After that conversation, I started thinking more about how and why I cook the way I do. While there are certain things you learn about cooking and eating during your formative years, from creaming butter and sugar to how to fry an egg, there are also experiences that you can't anticipate. 

I was always the person in my family who loved to read and cookbooks, though it would be years before I would both use and collect them avidly, were an early passion of mine. My grandma kept her slim collection in the squeaky third drawer of a cabinet in the dining room and I would always sneak in there (or so I thought; the squeaking gave me away) and pull them out, finding recipes that appealed to me and suggesting dishes that we could have for dinner.  I should mention that, at that point in time, I wasn't interested in the actual preparation of the food; I cared only about the the way it sounded and looked in books, the promise of the final product. When I look back now, I realize that all of this searching stemmed from a desire to be different from what I was. I sought the unknown, answers and foods that could be found either in far away places or in books.

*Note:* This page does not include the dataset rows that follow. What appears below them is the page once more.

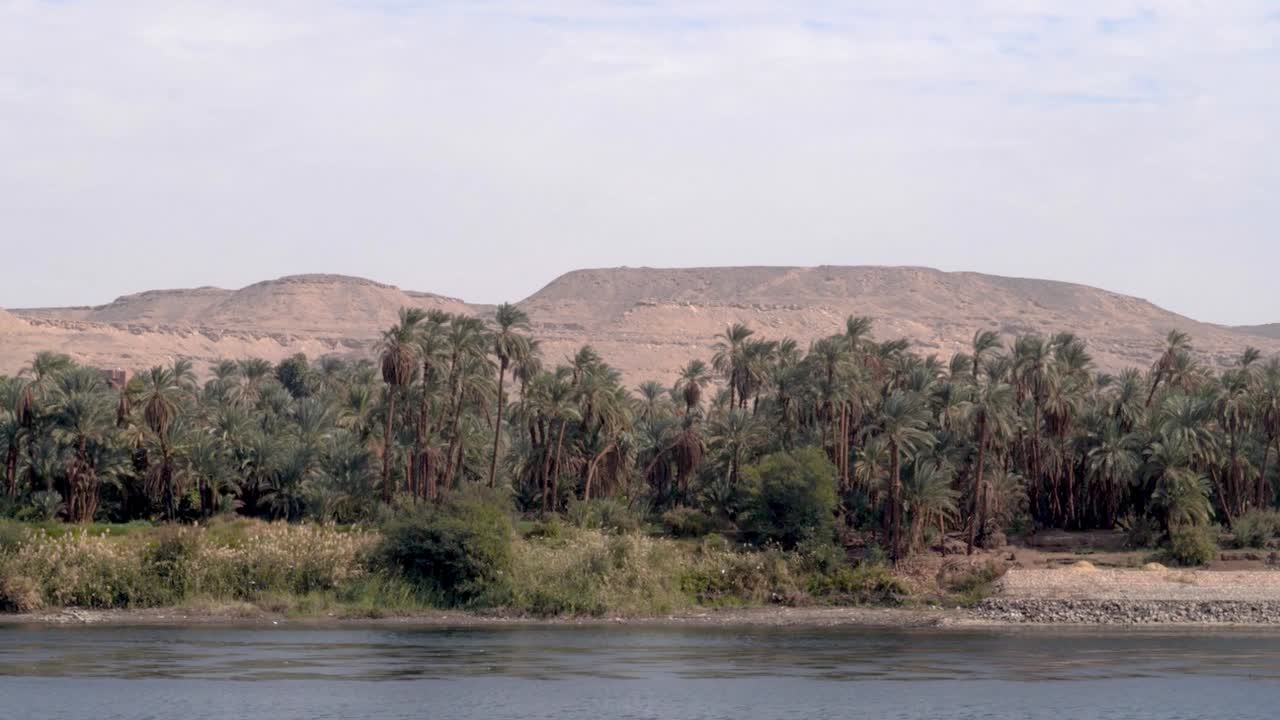 colinas arenosas en el fondo con palmeras y el río nilo con pájaros volando en luxor, egipto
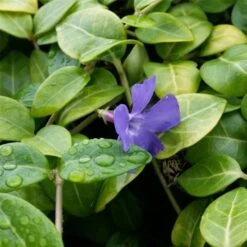 Kleinblättriges Immergrün (Vinca Minor) -LICHTNELKE Geschäft Vinca minor Immergruen blau lichtnelke OWZ II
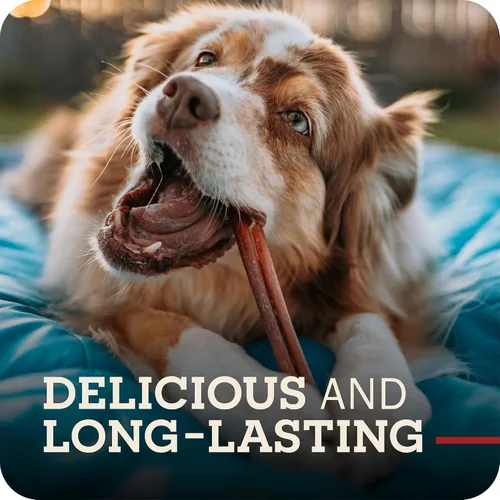 Vista 6 de Redbarn Pet Products All Natural Bully Sticks de 5 a 8 pulgadas para perros pequeños y grandes – Paquete variado de masticables saludables de larga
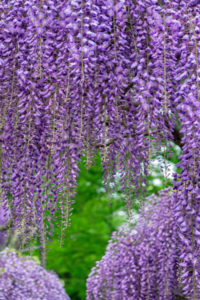 flower, nature, photograph, Wisteria, purple, floral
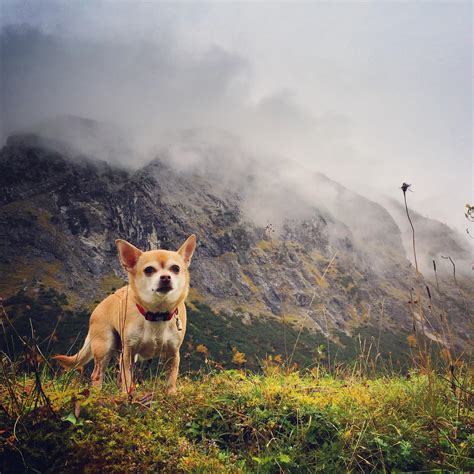 Rare sighting of an epic mountain chihuahua : r/Chihuahua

This is why, if I look back at myself through the prism of Lanchester's recent article in The New Yorker, I would almost call myself a "foodie" before the word even existed. That is, if I didn't object to the inherent silliness of the term itself (nosh and nom nom are right up there in my list of hated "foodie" terms). But even as a lot of my food choices and cookbook purchases have been geared towards exploring the world from home and learning to appreciate new flavors through the words and palates of virtual strangers, there are ways in which all the places I've been and lived (Russia, Japan, Greece, France, Italy, New York, Berkeley) have left their indelible mark on me. In some cases, I cook from memory, hoping to recapture flavors from the past and, in others, I think of what I want to eat and where I want to be that night. By the next day, I may have changed my mind completely. Some nights I even think I'm happiest just eating toast. This is the privilege of living and eating in the twenty-first century; we, unlike our grandparents and, to some extent, our parents, travel widely and eat daringly and the world invites us to do both. 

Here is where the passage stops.